#### Entries shown ####
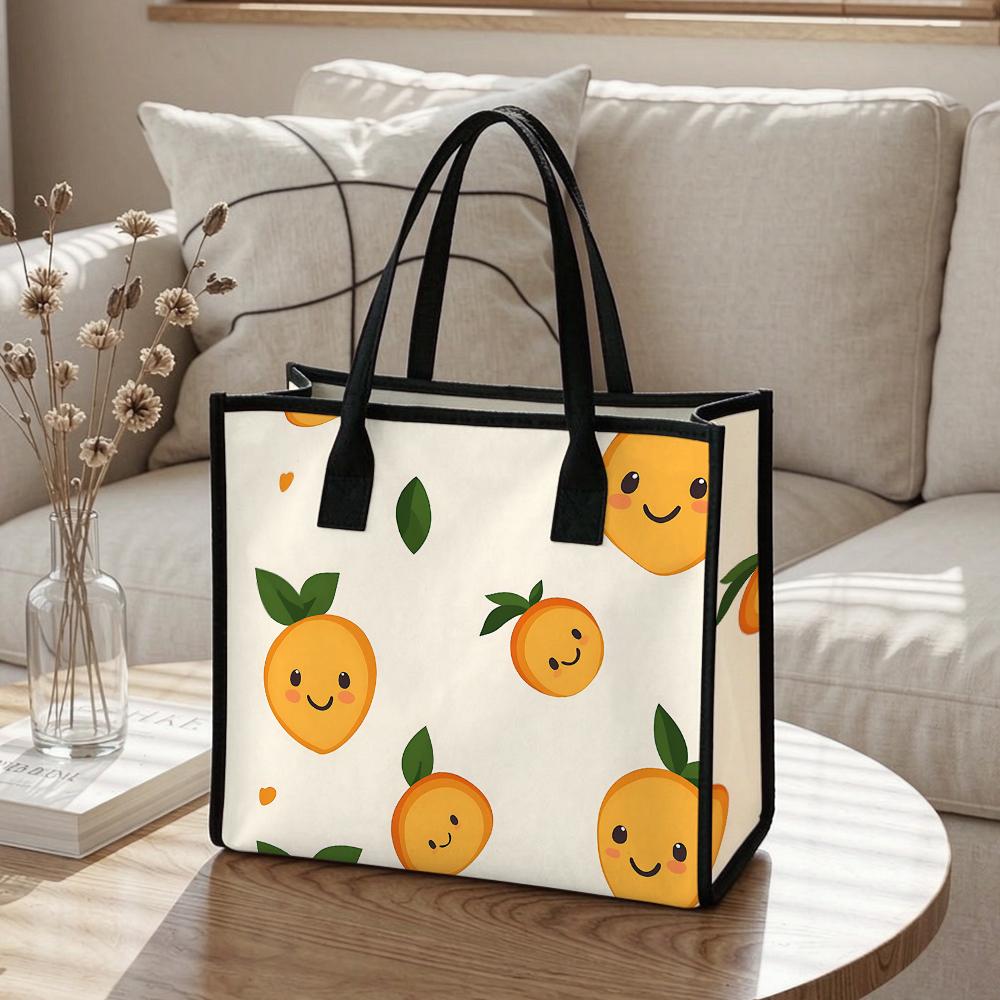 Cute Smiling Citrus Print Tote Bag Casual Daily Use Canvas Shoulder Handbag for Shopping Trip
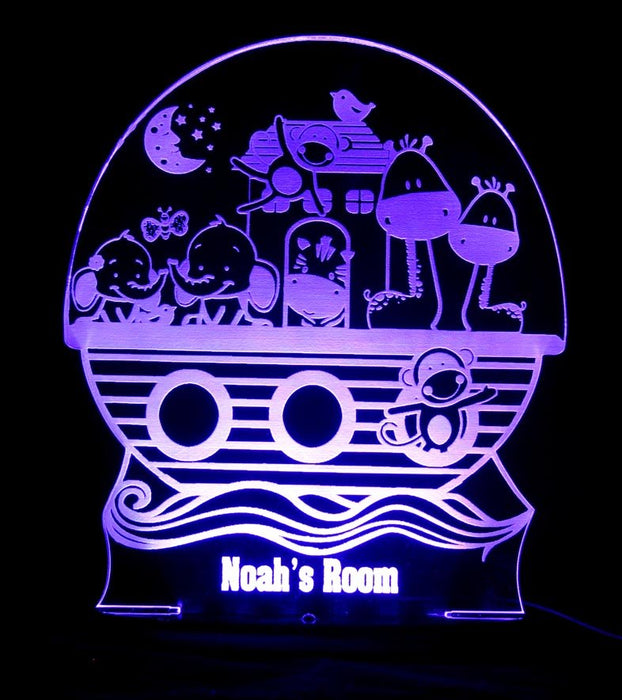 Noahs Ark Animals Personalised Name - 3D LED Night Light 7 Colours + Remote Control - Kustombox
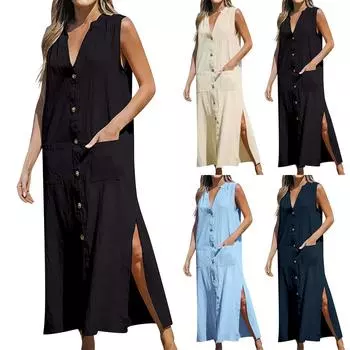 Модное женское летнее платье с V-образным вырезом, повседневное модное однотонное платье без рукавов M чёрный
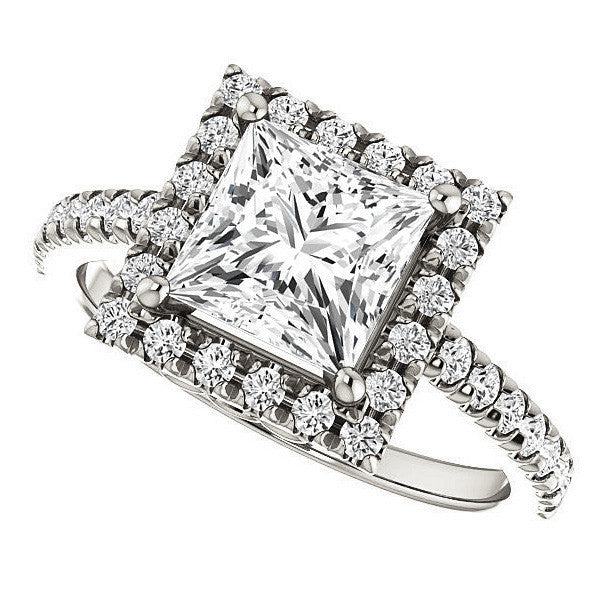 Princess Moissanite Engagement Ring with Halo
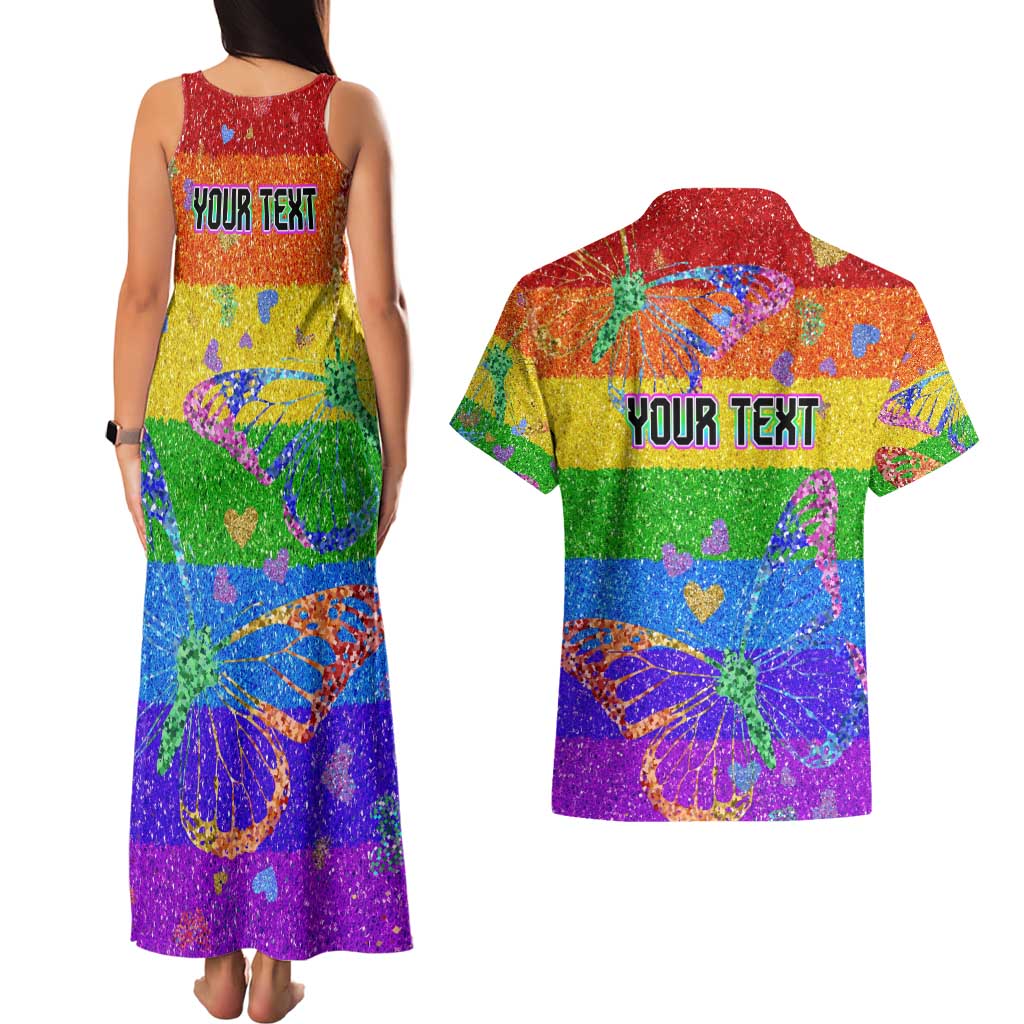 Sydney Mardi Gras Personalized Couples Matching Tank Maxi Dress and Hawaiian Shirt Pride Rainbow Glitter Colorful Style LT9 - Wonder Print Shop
####
Instructions to follow:
Repeat exactly and only the lines from the start of the data above through the line that holds "Noahs Ark Animals", inclusive. Pictures do not belong in the copy.

Reply:
 Cute Smiling Citrus Print Tote Bag Casual Daily Use Canvas Shoulder Handbag for Shopping Trip
 Noahs Ark Animals Personalised Name - 3D LED Night Light 7 Colours + Remote Control - Kustombox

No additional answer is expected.